> _EXERCISE BRIEF_: Every line of the material is to be returned verbatim. Pictures stay out.

> _GIVEN RECORDS_:
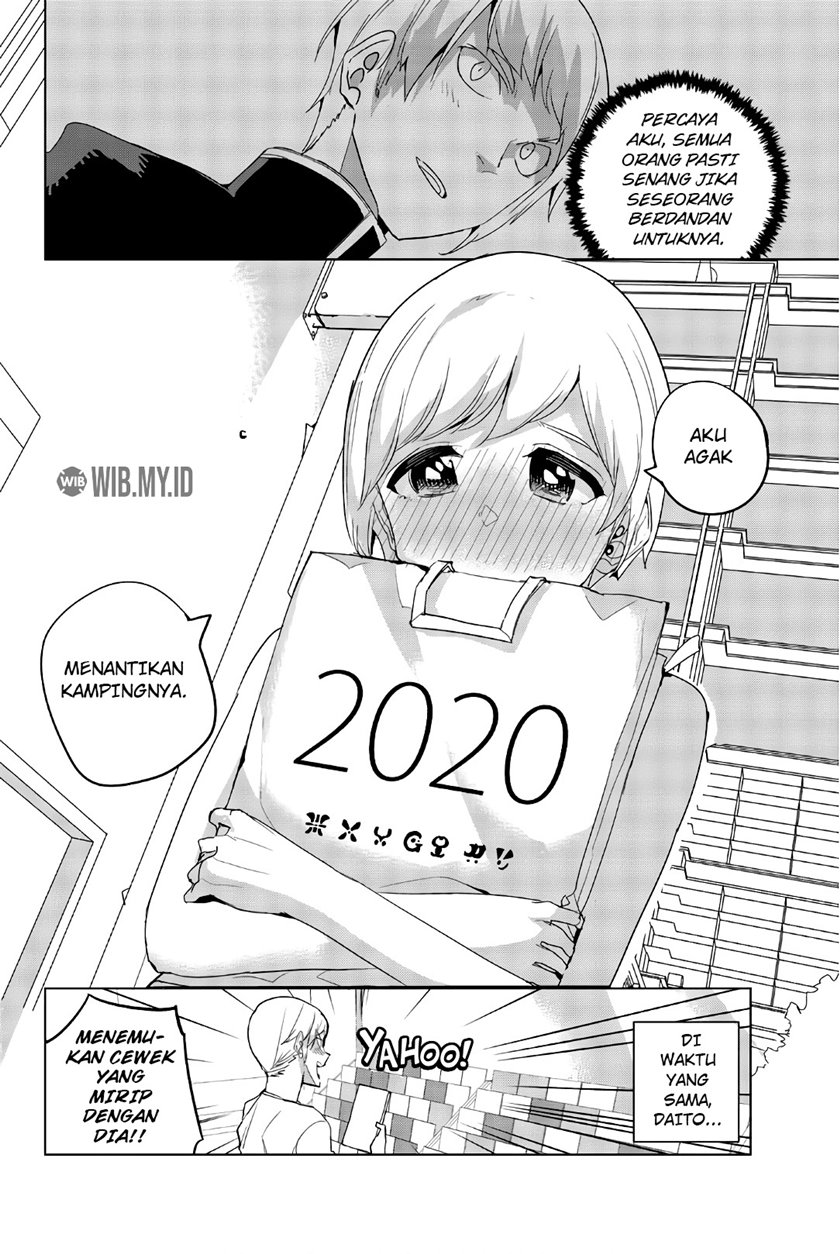 Houkago no Goumon Shoujo Chapter 37 Bahasa Indonesia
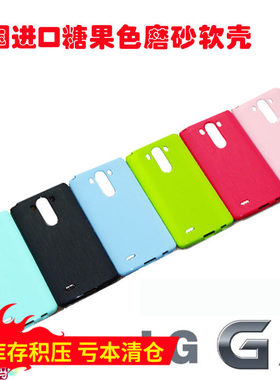 韩国进口LG G3手机套 D855保护套D858 F400S手机壳F400磨砂保护壳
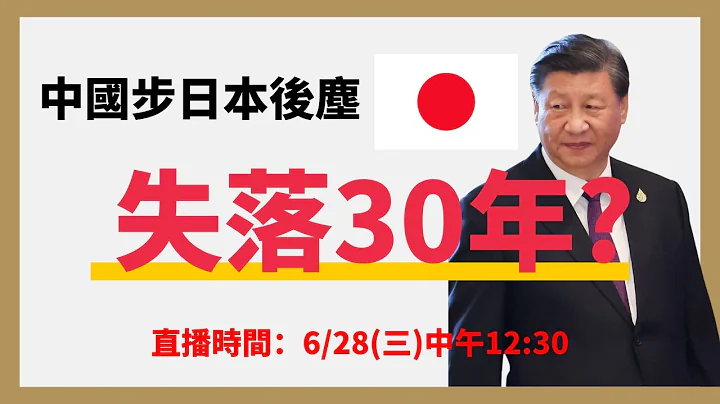 中國步日本後塵，通縮失落30年? @ginray - 天天要聞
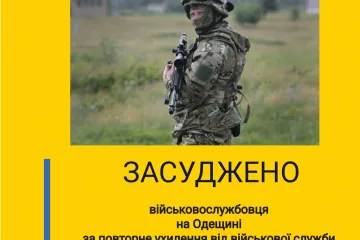 ​3 роки 1 місяць позбавлення волі ‒ за повторне ухилення від служби: на Одещині засуджено військовослужбовця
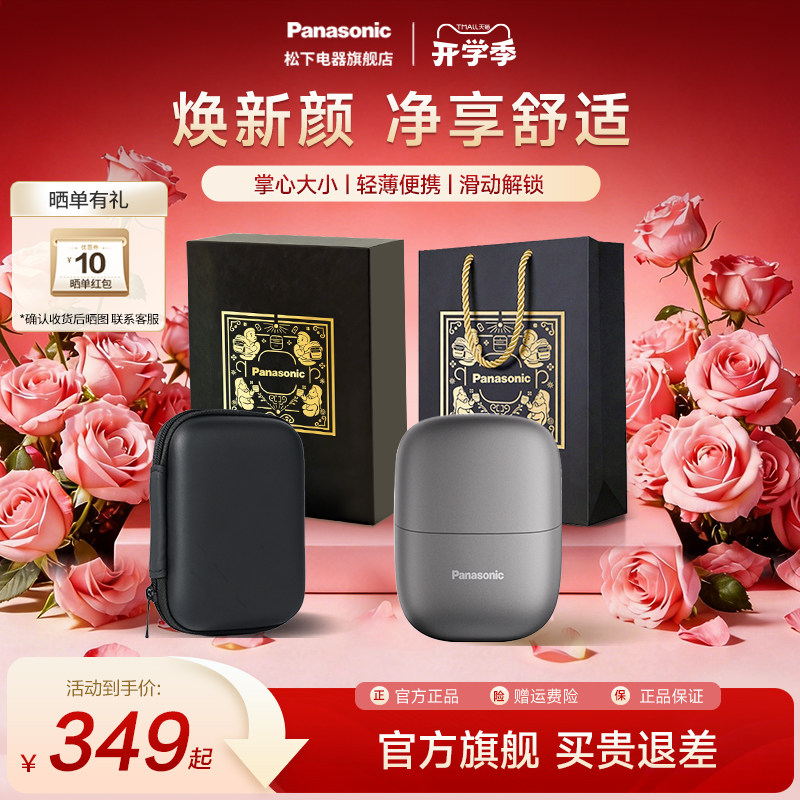[全新升级]松下小方盒2.0剃须刀图片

> _ANSWER TO THIS EXERCISE_:
 Houkago no Goumon Shoujo Chapter 37 Bahasa Indonesia
 韩国进口LG G3手机套 D855保护套D858 F400S手机壳F400磨砂保护壳
 中國步日本後塵，通縮失落30年? @ginray - 天天要聞
 ​3 роки 1 місяць позбавлення волі ‒ за повторне ухилення від служби: на Одещині засуджено військовослужбовця
[全新升级]松下小方盒2.0剃须刀图片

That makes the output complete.